Thursday, September 21, 2006

So I noticed

the carnage of poisoned houseflies on the back porch and decided it was time to sweep them up. I also remembered my husband’s full ashtray sitting on the back porch too, resembling a slightly mutated chia-pet in dire need of dumping. I needed a bag to deposit the above mentioned nasties in, and thought I’d kill two birds with one stone by emptying the bathroom garbage and using that bag. When I walked into the bathroom I noticed toothpaste smudges on the mirror and damp towels slouching over the side of the tub. I wiped the bathroom counters to a sparkly shine and tossed the towels into the dirty laundry hamper, only to spot the overly stuffed hamper begging to be emptied. I lugged the hamper to the basement and flung the contents on the floor beside the washer. And because I like to be an efficient water consumer, I prefer to wash a few big loads instead of many smaller ones. Quel chance! The laundry I added to the pile completed a full load of whites! I love it when that happens. After filling the washer, I brought the hamper back upstairs and retrieved the bathroom garbage bag. I slipped on my fleece jacket and reached into the kitchen closet to grab the broom, which was leaning against the swiffer wet jet. Strangely enough, as my brain registered the sight of the wet jet, my toe registered the sensation of something gummy beneath it. Raspberry jam. My eyes darted around, frantically searching for other sticky offenders. In front of the sink, a glob of ketchup. Next to the dishwasher, milk. Behind the garbage, toast crumbs. Well, why not slide some swiffery goodness over the tile real quick-like and give it time to dry while I’m sweeping up the back porch? Only makes sense. With a clean wet floor behind me and a bag of bathroom garbage in my hand, I stepped outside.

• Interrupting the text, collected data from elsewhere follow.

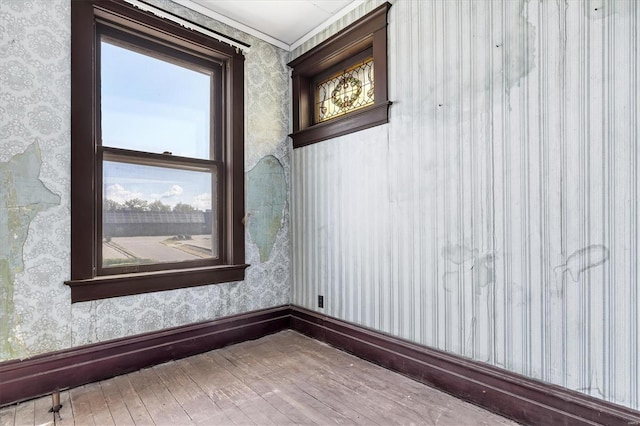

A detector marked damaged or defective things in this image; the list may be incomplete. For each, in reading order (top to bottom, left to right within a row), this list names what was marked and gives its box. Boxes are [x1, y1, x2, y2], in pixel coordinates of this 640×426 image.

damaged plaster wall [0, 0, 290, 360]
damaged plaster wall [292, 0, 640, 412]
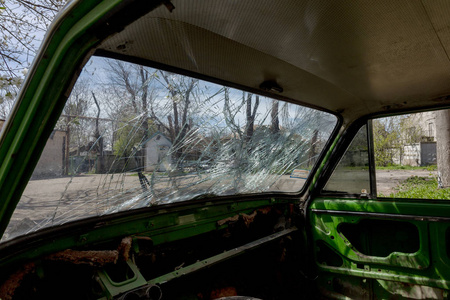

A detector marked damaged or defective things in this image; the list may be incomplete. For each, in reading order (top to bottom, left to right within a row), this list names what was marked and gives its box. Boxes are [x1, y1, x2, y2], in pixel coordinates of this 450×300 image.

shattered windshield [1, 57, 336, 243]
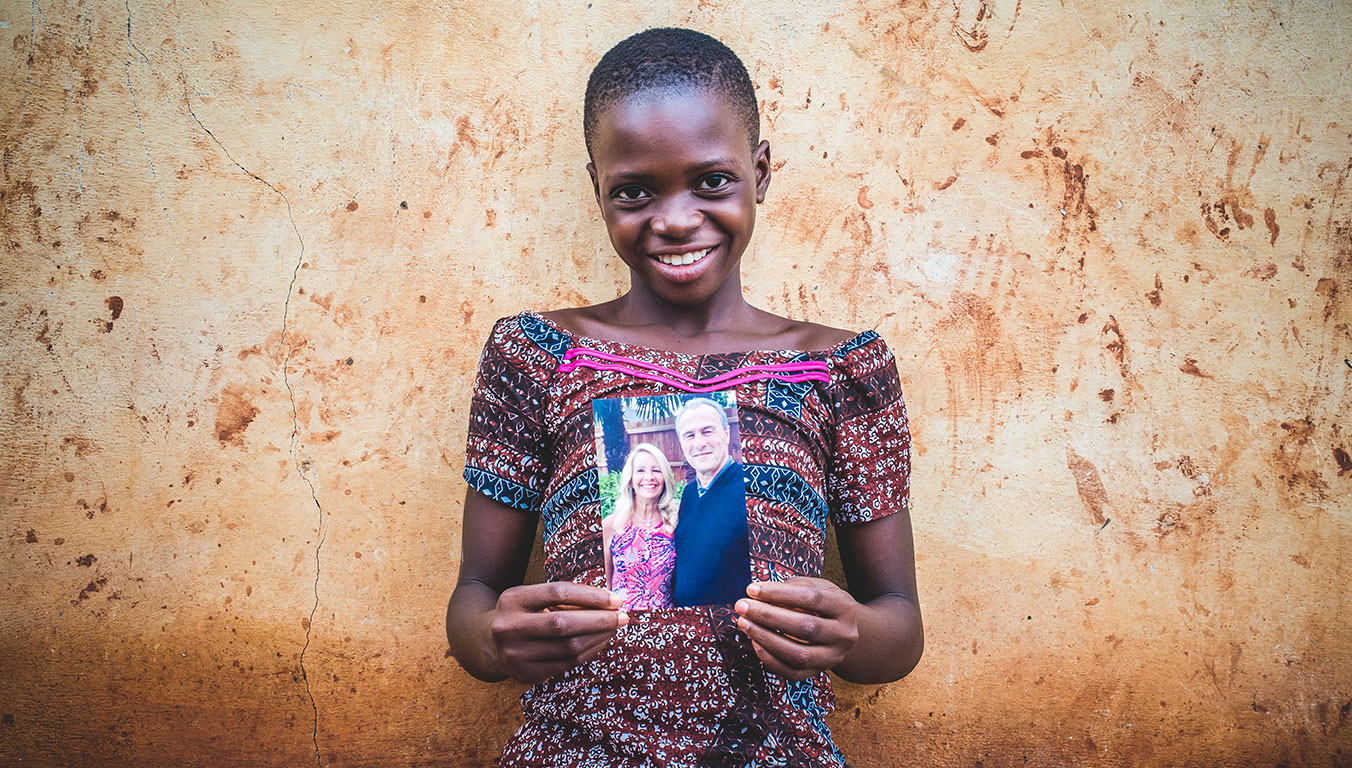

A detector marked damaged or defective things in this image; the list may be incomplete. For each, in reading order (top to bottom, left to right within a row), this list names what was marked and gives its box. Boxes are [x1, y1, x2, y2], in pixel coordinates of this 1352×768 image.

crack in wall [185, 97, 324, 768]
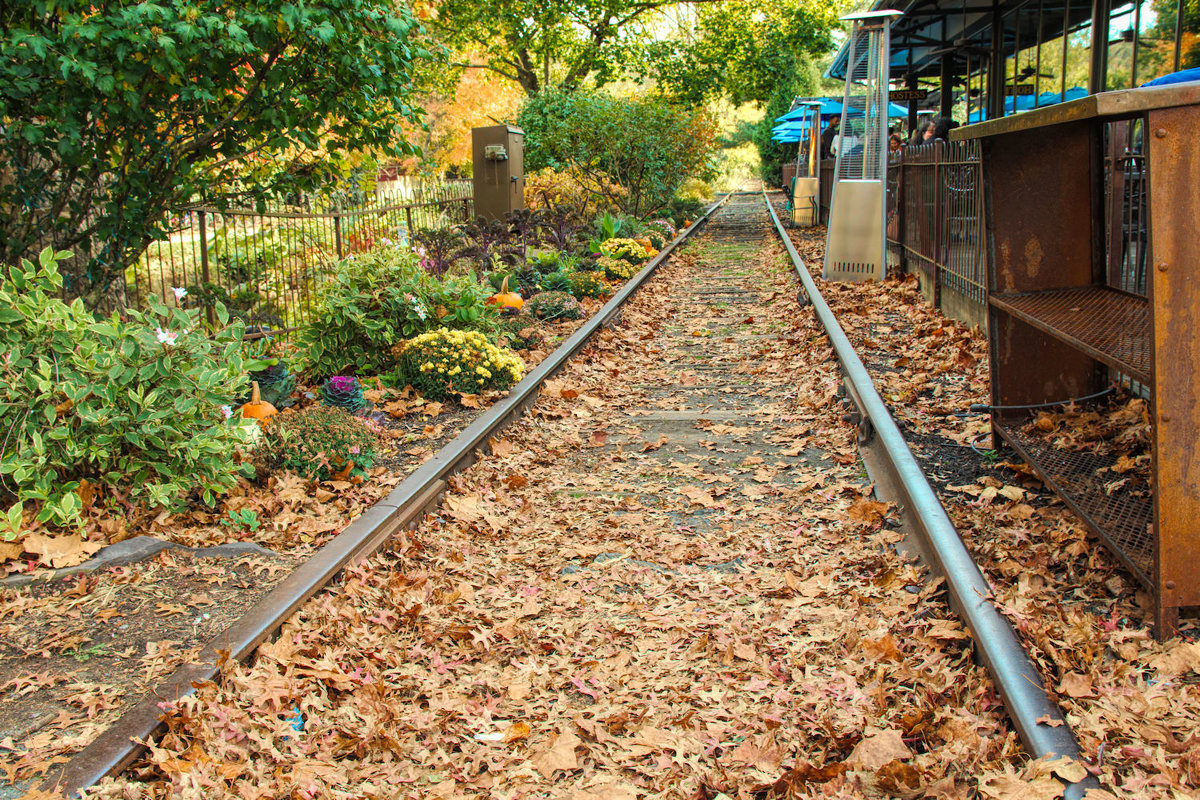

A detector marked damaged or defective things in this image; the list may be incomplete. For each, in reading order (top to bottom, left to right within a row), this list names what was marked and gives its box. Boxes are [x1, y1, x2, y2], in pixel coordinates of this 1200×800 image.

rusty metal rail [42, 195, 724, 800]
rusty metal rail [763, 190, 1099, 796]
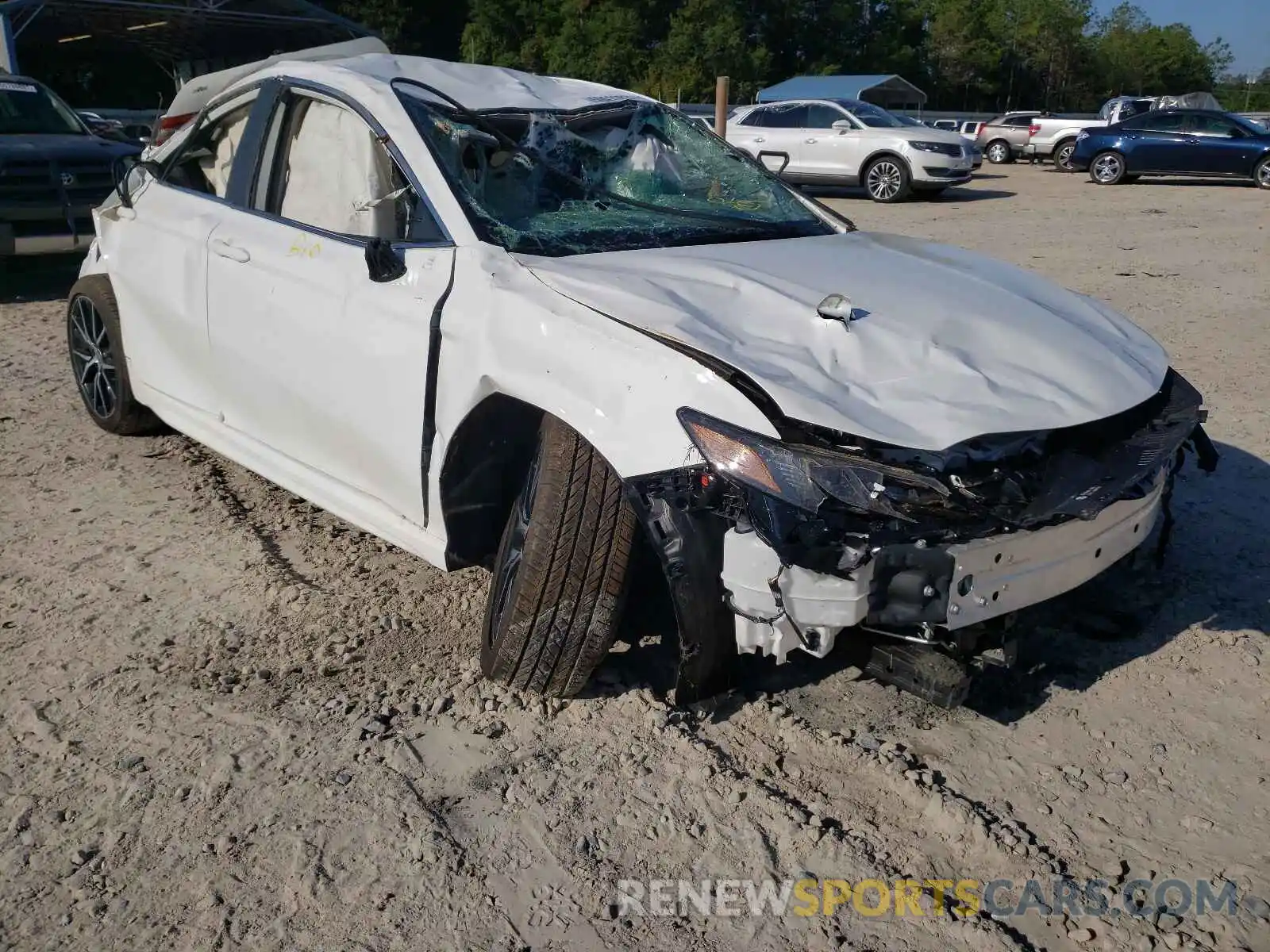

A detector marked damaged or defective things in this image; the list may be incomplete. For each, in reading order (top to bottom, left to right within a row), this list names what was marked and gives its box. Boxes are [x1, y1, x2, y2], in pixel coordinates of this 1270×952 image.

shattered windshield [394, 86, 832, 255]
exposed wheel [864, 157, 914, 203]
exposed wheel [984, 140, 1010, 164]
exposed wheel [1048, 137, 1080, 171]
exposed wheel [1086, 151, 1124, 184]
exposed wheel [1251, 156, 1270, 190]
damaged side mirror [362, 236, 406, 282]
exposed wheel [66, 274, 164, 435]
bent hood [511, 232, 1168, 451]
broken headlight [679, 405, 946, 517]
exposed wheel [479, 413, 635, 695]
damaged front bumper [629, 368, 1213, 701]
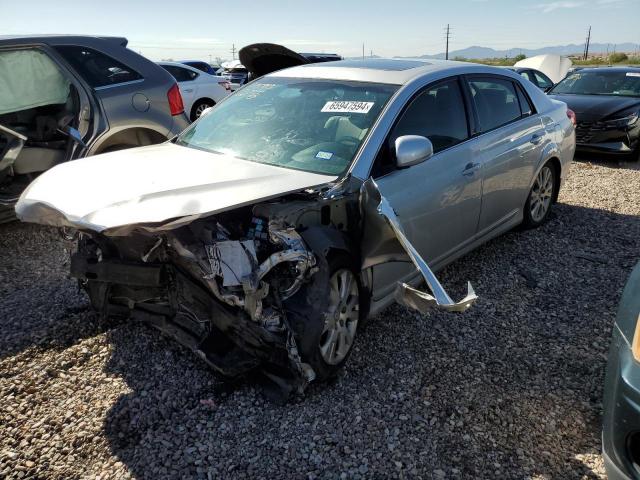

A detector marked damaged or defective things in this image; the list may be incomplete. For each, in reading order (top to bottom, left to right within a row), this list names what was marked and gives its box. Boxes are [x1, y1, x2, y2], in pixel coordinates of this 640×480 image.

crumpled hood [544, 94, 640, 123]
crumpled hood [15, 142, 336, 232]
damaged quarter panel [16, 58, 576, 400]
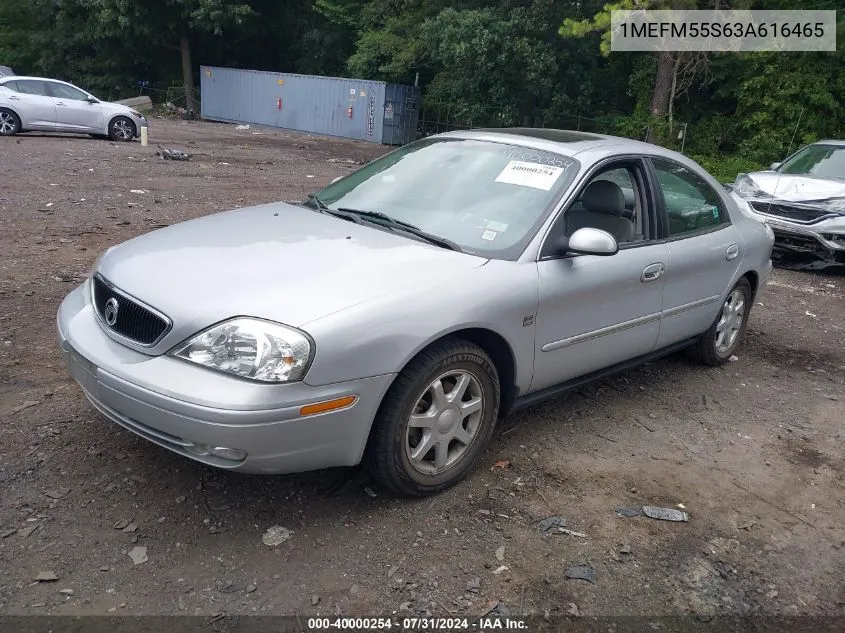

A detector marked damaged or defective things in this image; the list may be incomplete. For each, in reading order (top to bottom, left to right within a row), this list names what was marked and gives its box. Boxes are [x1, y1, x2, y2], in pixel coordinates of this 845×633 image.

damaged white suv [732, 141, 844, 270]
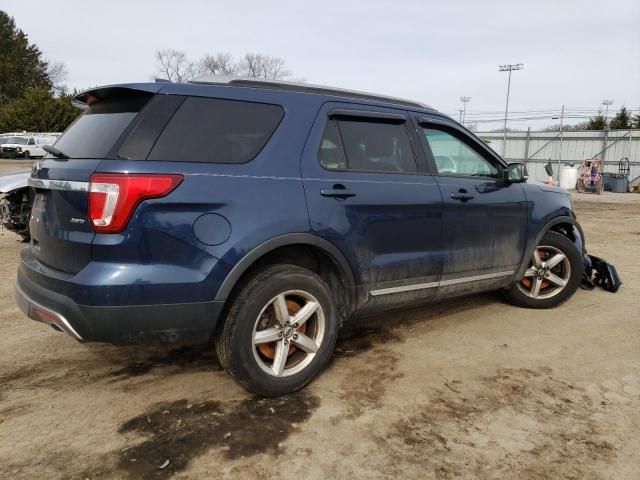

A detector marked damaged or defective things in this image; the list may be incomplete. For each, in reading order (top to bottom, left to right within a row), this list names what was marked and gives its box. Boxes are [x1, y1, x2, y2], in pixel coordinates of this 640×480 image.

detached bumper [15, 266, 225, 344]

Those of you who know me, know that this is how I operate. I’m incapable of just completing one cleaning mission; I am compelled to multitask until I’ve forgotten my original objective. It’s a sickness, really.

I realize this may qualify as the lamest blog entry in history, but my laundry is washing, my bathroom is clean, my floors are washed, and oh yeah, the flies are swept.


Blogger mama said...

I'm the same way. I call it ADD cleaning. Works for me because I always end up accomplishing way more than I set out to do. Always a good thing. Glad to hear there are other "multitaskers" out there. :-)

11:06 PM  
Blogger Amanda said...

You mean there's another way to do it? Because I'm not aware of it if there is. Only I'm not as good at getting back to the original task. I often run out of time/steam and end up with half a dozen unfinished tasks. That, and I'm easily distracted by the gmail notifier. It's the thought that counts, right?

8:15 AM  
Blogger Jennifer said...

I need your kind of energy and organization. Now, when it comes to mopping, if I do it on my hands and knees (that sounds dirty, doesn't it? Hee!), I'm damn thorough about it...but with a mop? Whatever! LOL!

Hey, I still haven't tried those Mr. Clean Magic Erasers. I hear they are teh crack!